> Given records:
==================================================

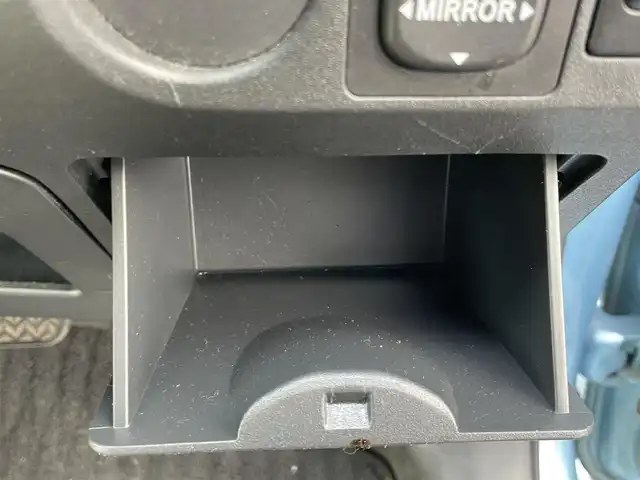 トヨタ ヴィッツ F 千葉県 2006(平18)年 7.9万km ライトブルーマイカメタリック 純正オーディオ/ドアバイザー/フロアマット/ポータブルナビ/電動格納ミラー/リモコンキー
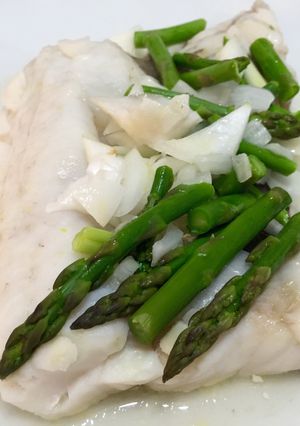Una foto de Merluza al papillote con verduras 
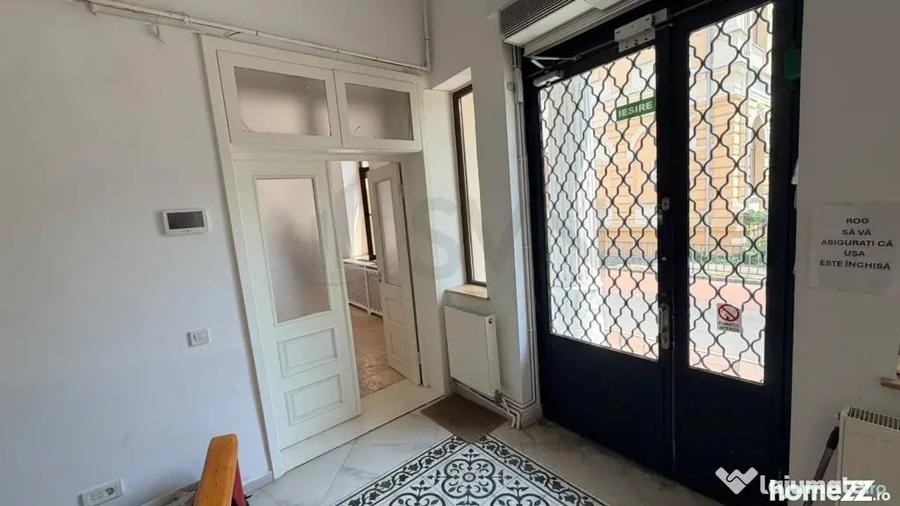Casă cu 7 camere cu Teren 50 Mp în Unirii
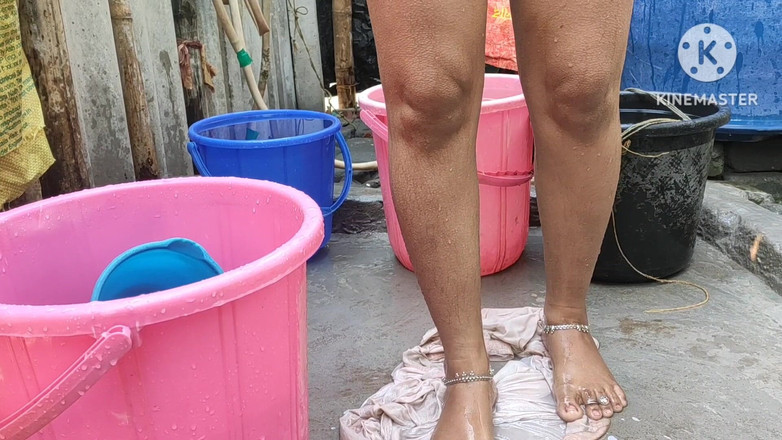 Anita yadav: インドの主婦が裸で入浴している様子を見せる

==================================================

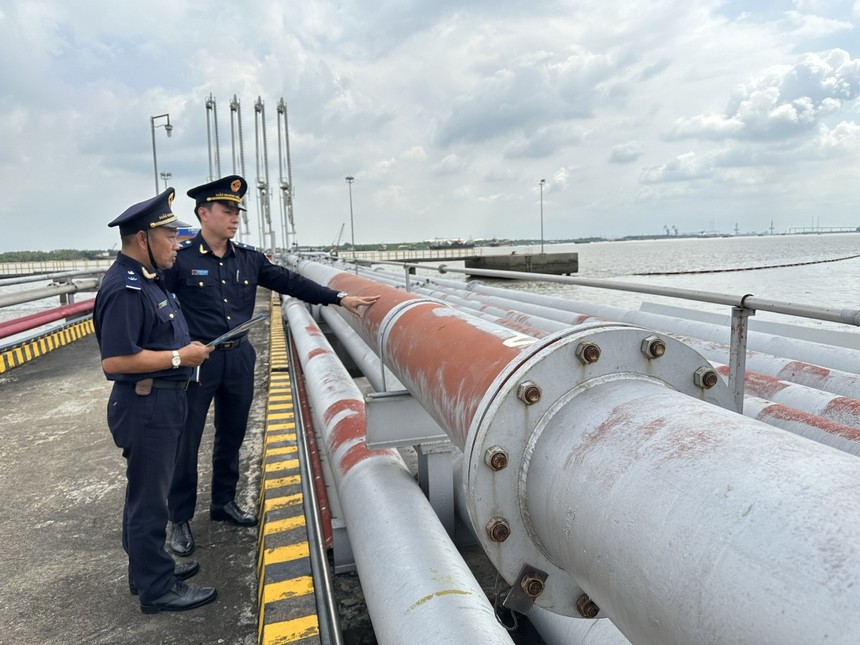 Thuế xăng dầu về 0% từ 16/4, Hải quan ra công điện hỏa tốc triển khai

==================================================

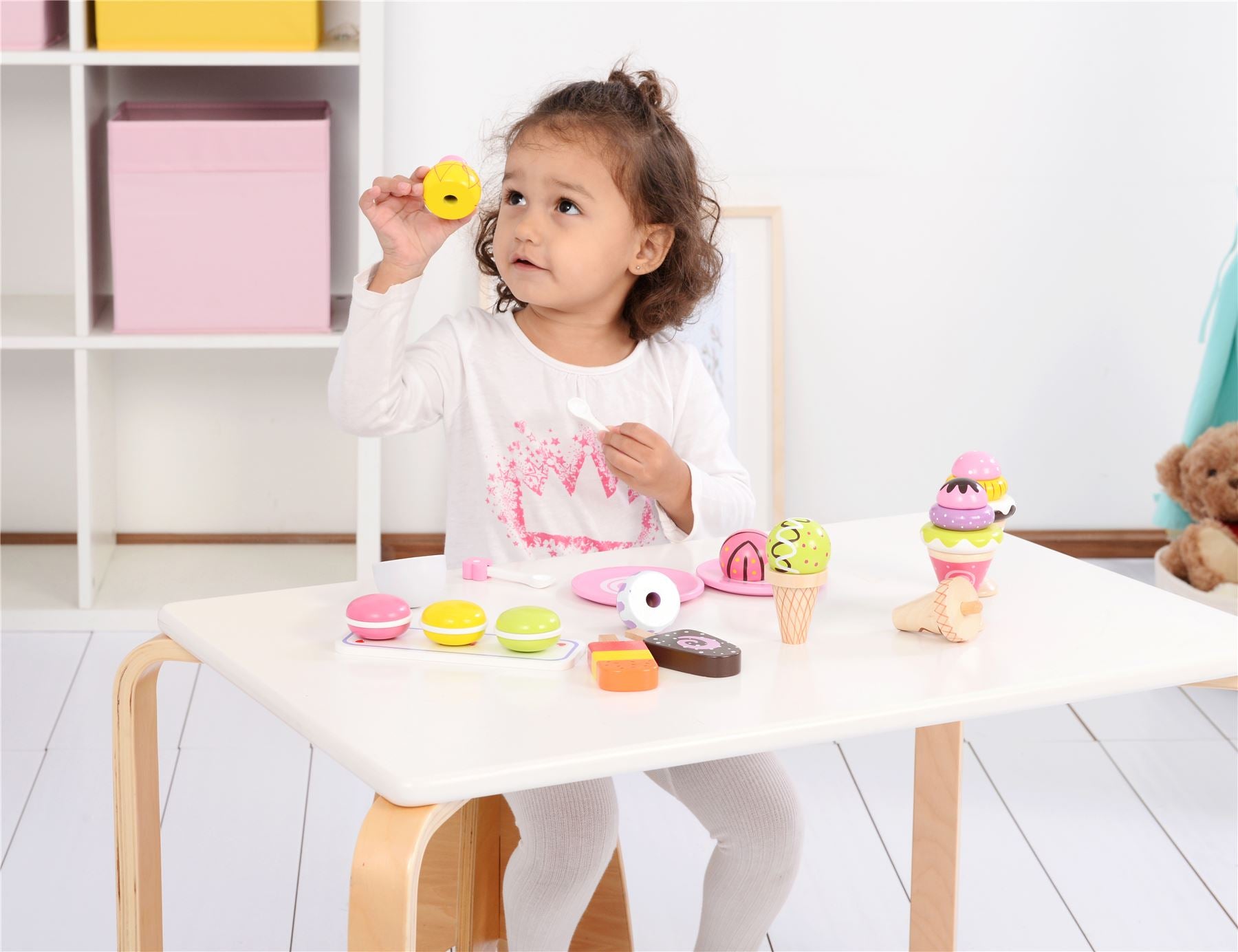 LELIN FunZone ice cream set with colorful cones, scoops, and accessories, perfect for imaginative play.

==================================================

> Work to be completed: Transcribe, word for word, the stretch of lines in the data above from the one with "トヨタ ヴィッツ F 千葉県" through the one with "Anita yadav: インドの主婦が裸で入浴している様子を見せる"; omit all pictures.

> Output for this exercise:
 トヨタ ヴィッツ F 千葉県 2006(平18)年 7.9万km ライトブルーマイカメタリック 純正オーディオ/ドアバイザー/フロアマット/ポータブルナビ/電動格納ミラー/リモコンキー
Una foto de Merluza al papillote con verduras 
Casă cu 7 camere cu Teren 50 Mp în Unirii
 Anita yadav: インドの主婦が裸で入浴している様子を見せる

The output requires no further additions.